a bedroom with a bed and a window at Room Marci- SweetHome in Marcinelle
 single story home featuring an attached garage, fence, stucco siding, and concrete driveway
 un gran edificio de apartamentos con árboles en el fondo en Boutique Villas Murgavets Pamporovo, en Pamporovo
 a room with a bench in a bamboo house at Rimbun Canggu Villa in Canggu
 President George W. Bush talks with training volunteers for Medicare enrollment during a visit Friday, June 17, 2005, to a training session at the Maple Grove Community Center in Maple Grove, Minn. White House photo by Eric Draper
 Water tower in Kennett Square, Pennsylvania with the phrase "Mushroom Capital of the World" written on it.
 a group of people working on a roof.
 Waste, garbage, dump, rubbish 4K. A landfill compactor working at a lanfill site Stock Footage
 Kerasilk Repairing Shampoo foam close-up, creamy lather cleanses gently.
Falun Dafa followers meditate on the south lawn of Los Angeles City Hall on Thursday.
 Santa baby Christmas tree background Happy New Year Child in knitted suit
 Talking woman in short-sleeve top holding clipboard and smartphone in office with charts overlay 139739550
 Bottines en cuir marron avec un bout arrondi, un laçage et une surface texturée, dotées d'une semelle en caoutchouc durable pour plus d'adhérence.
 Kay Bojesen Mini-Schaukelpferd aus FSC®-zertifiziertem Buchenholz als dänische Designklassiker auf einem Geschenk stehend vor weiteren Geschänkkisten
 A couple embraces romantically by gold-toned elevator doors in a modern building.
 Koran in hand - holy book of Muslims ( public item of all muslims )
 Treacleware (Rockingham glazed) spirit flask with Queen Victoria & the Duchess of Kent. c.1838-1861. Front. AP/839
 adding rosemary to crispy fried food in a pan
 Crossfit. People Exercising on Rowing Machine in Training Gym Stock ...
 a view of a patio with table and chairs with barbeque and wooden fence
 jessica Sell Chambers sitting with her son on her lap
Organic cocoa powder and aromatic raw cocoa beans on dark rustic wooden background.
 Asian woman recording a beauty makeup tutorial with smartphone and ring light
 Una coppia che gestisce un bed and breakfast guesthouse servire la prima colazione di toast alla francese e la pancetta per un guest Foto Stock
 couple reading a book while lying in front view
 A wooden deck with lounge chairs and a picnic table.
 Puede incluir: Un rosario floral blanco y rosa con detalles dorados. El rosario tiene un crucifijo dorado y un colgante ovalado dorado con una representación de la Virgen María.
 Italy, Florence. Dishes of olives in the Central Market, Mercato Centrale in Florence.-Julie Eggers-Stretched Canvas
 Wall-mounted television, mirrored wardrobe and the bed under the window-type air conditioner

# What is required
Your answer should be every line above that contains the word "chairs".

# Solution to this task
 a view of a patio with table and chairs with barbeque and wooden fence
 A wooden deck with lounge chairs and a picnic table.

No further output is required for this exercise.